» **Task**
If a record holds a picture, drop the picture and copy everything else exactly.

___ Records for this task

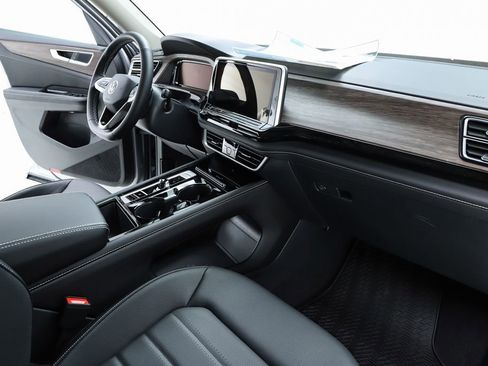 New 2026 Volkswagen Atlas SEL image 33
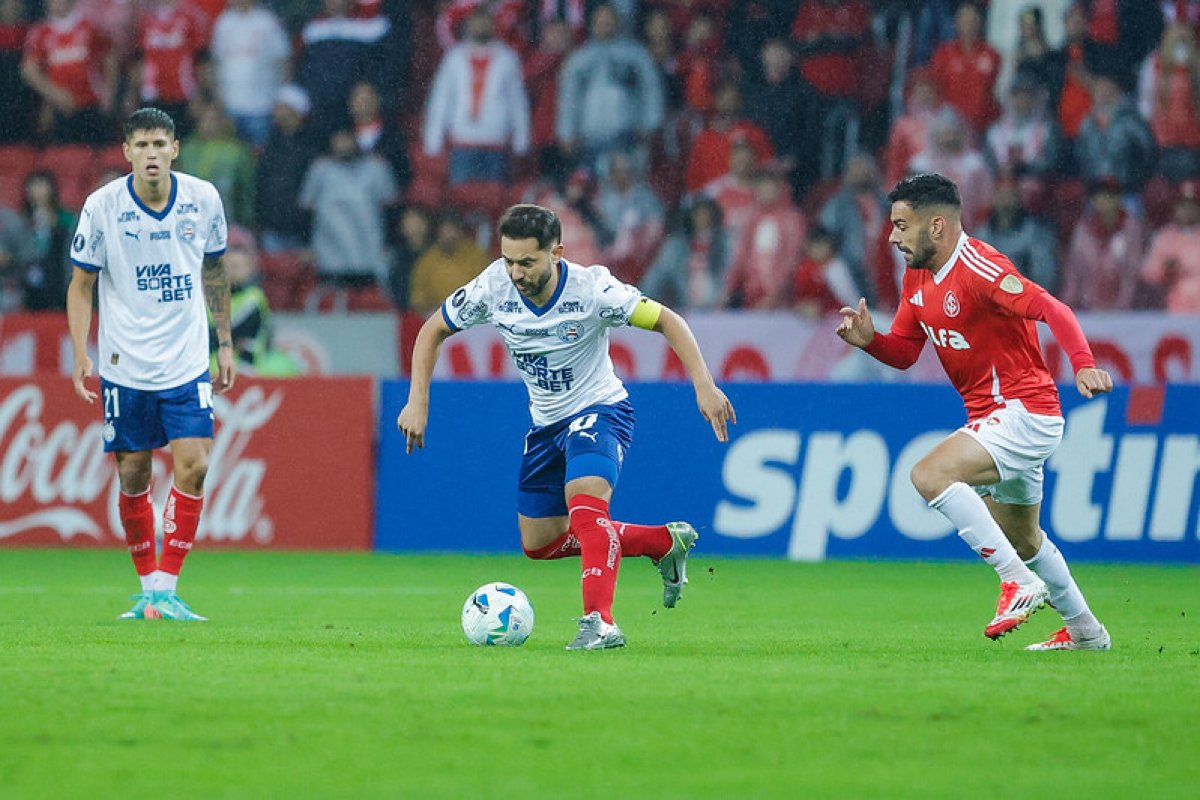 Bahia leva virada do Internacional e dá adeus a Libertadores na primeira fase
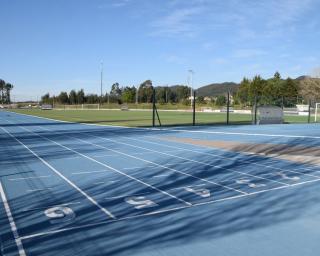 Albergaria-a-Velha: Município inaugura Pista de Atletismo de Tartan.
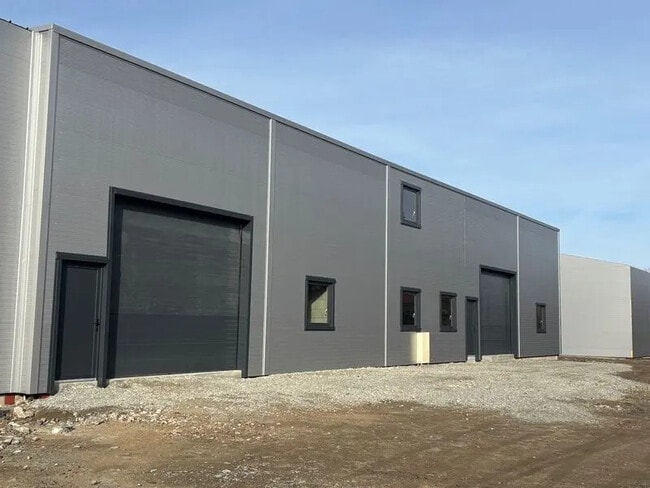 Plus de détails pour Local d’activités à vendre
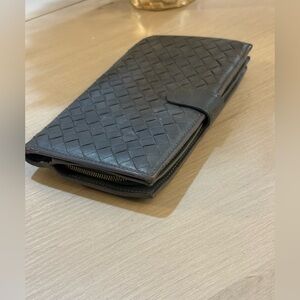 Authentic Bottega Veneta Gray and Tan  Wallet (unisex ) 6.75"x4.25"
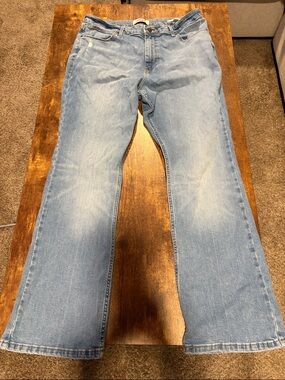 Wrangler Light Blue Women's High Rise Bold Bootcut Jeans 14/30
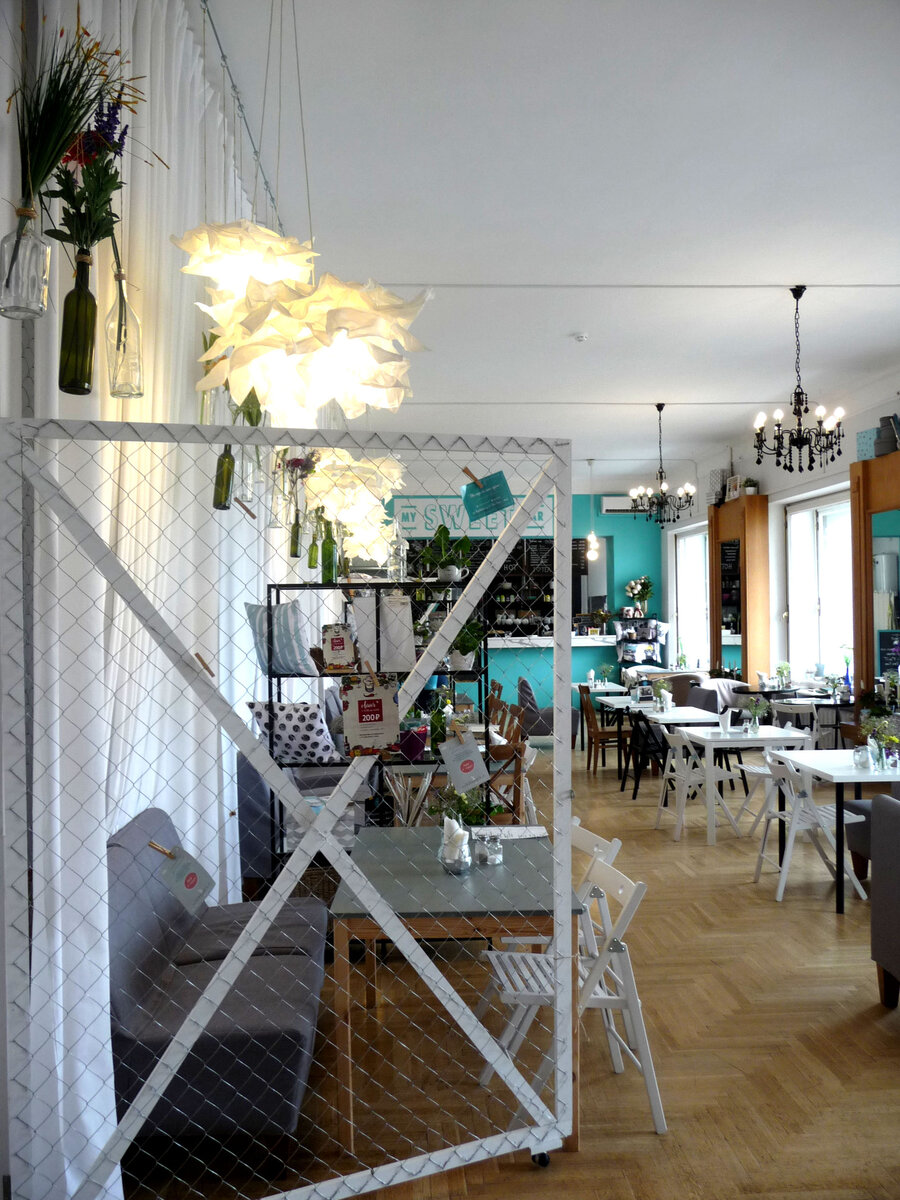 Экономить стыдно, а вот переплачивать глупо. Это мой девиз!  Если думаете, что петербуржцам не хочется посидеть в кафе у Исаакиевского собора или пойти в Эрмитаж , то вы ошибаетесь. Хочется.-6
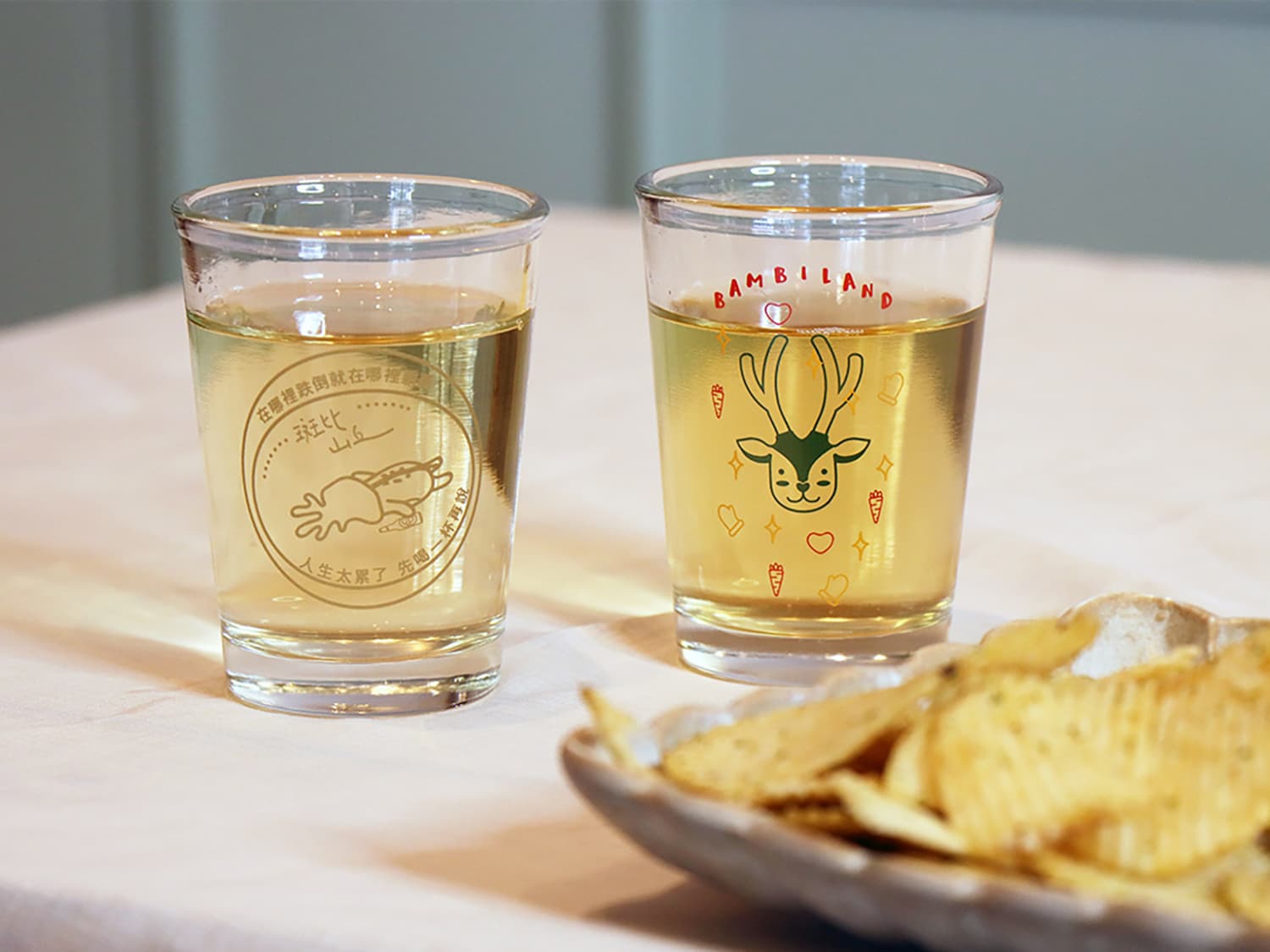 斑比山丘「人生太累了 啤酒杯」，復刻台式設計即刻俘獲芳心，自己喝也可以很Chill。（斑比山丘Bambi Land提供）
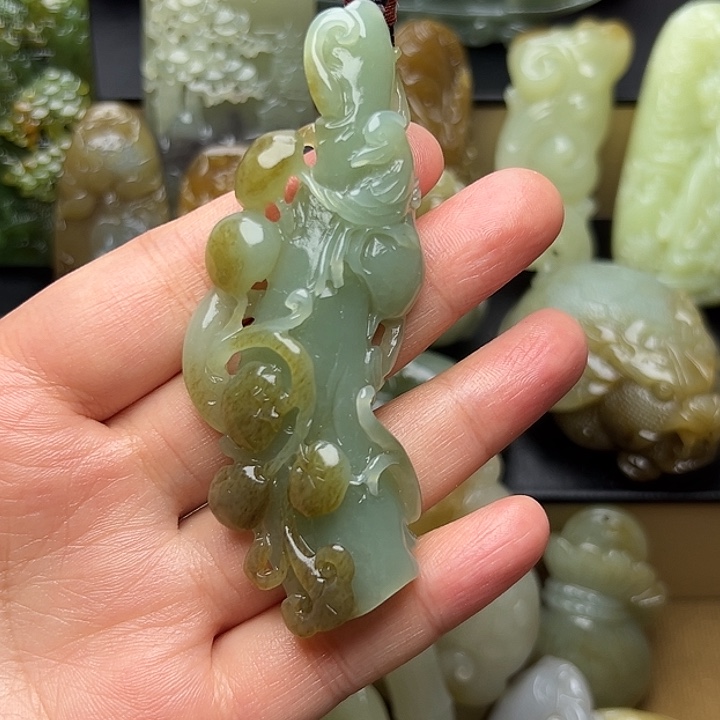 和田玉未镶嵌挂件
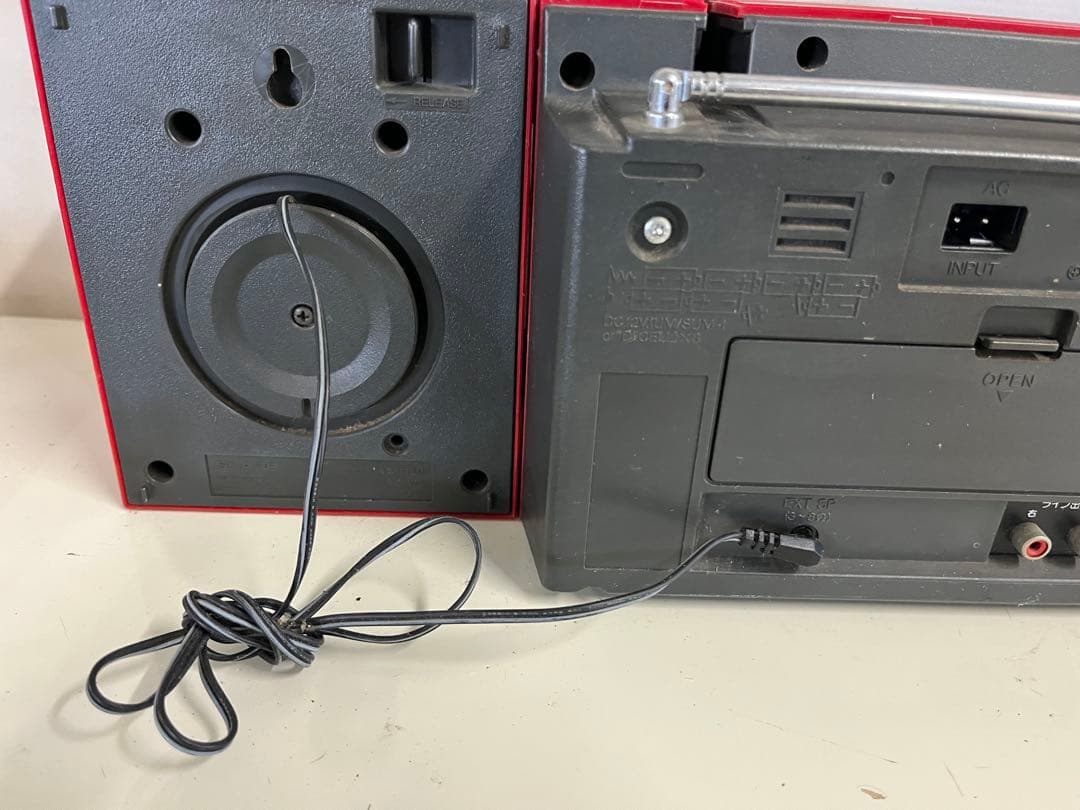 S*5様 レトロで希少な赤いダブルラジカセ SHARP QT-88R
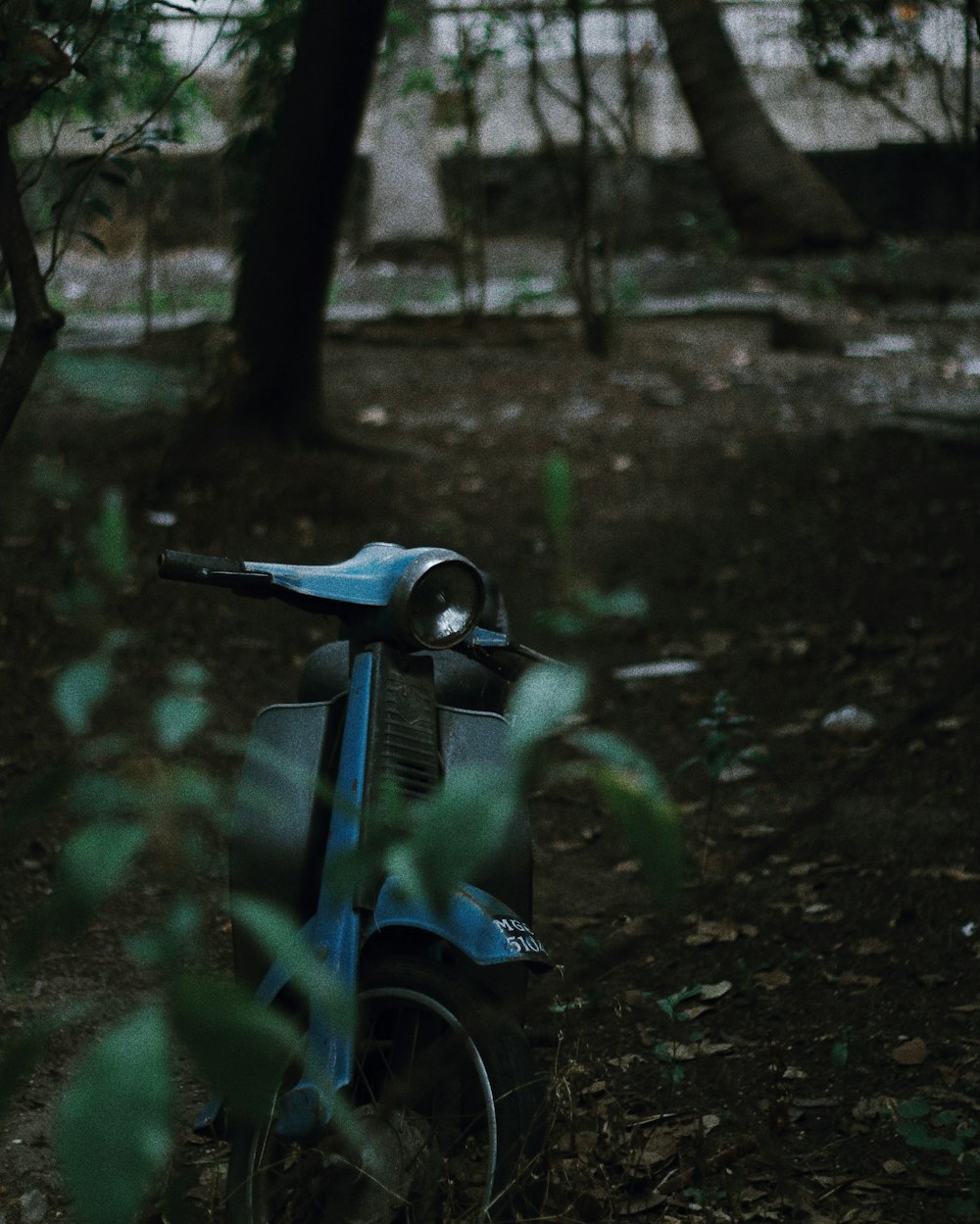 Motocyclette sous-osseuse bleue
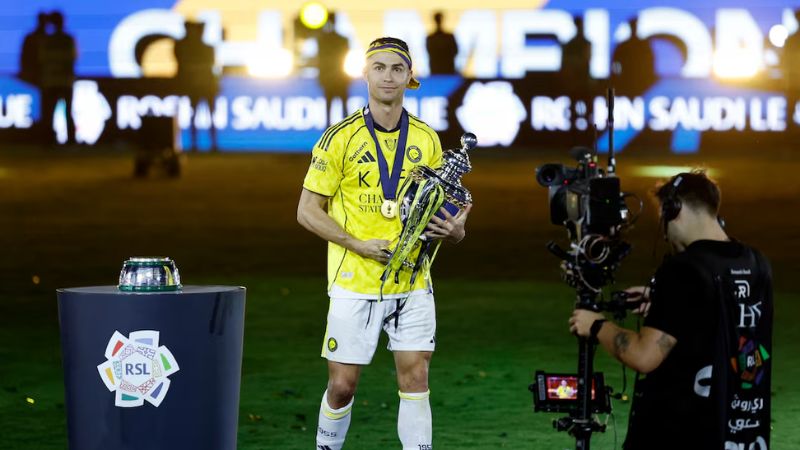 Ronaldo lập cú đúp, ấn định chiến thắng 4-1 giúp Al-Nassr vô địch đầy cảm xúc.
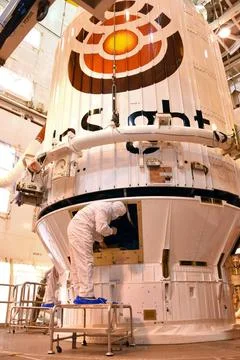 At Space Launch Complex 3 at Vandenberg Air Force Base in California, tech... Stockfoto's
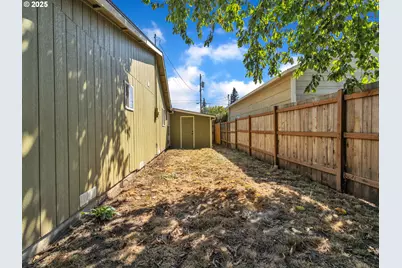 801 NE 13th St, McMinnville, OR 97128 - Photo 29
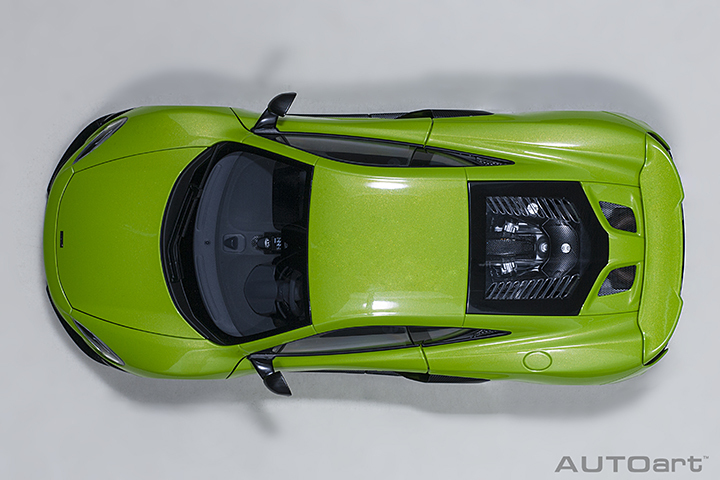 76049 1/18 McLAREN 675LT (NAPIER GREEN)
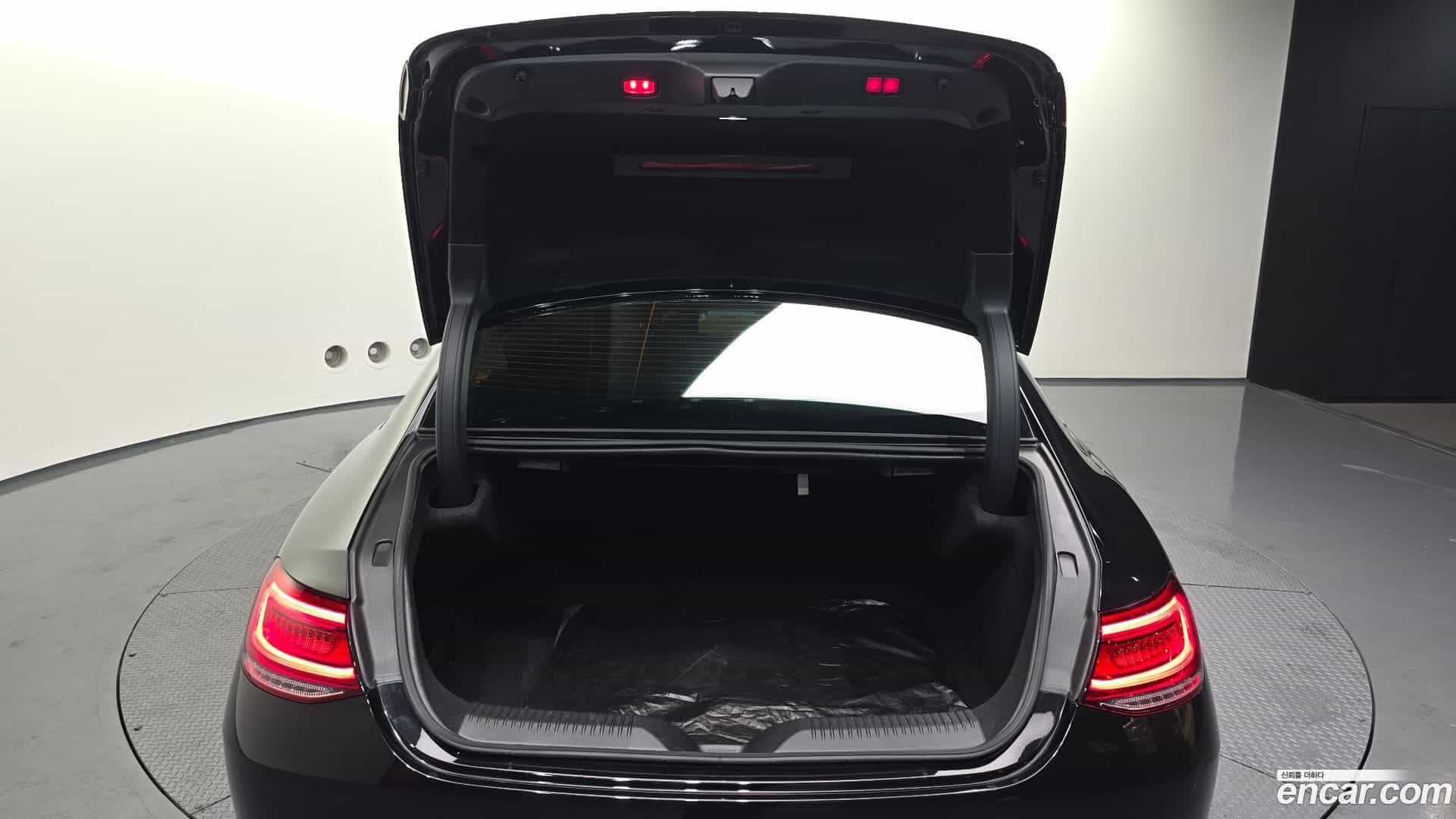 CLS-Class Mercedes-Benz 2019.11-OPTION-024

______

» **Written solution**
 New 2026 Volkswagen Atlas SEL image 33
 Bahia leva virada do Internacional e dá adeus a Libertadores na primeira fase
 Albergaria-a-Velha: Município inaugura Pista de Atletismo de Tartan.
 Plus de détails pour Local d’activités à vendre
 Authentic Bottega Veneta Gray and Tan  Wallet (unisex ) 6.75"x4.25"
 Wrangler Light Blue Women's High Rise Bold Bootcut Jeans 14/30
 Экономить стыдно, а вот переплачивать глупо. Это мой девиз!  Если думаете, что петербуржцам не хочется посидеть в кафе у Исаакиевского собора или пойти в Эрмитаж , то вы ошибаетесь. Хочется.-6
 斑比山丘「人生太累了 啤酒杯」，復刻台式設計即刻俘獲芳心，自己喝也可以很Chill。（斑比山丘Bambi Land提供）
 和田玉未镶嵌挂件
 S*5様 レトロで希少な赤いダブルラジカセ SHARP QT-88R
 Motocyclette sous-osseuse bleue
 Ronaldo lập cú đúp, ấn định chiến thắng 4-1 giúp Al-Nassr vô địch đầy cảm xúc.
 At Space Launch Complex 3 at Vandenberg Air Force Base in California, tech... Stockfoto's
 801 NE 13th St, McMinnville, OR 97128 - Photo 29
 76049 1/18 McLAREN 675LT (NAPIER GREEN)
 CLS-Class Mercedes-Benz 2019.11-OPTION-024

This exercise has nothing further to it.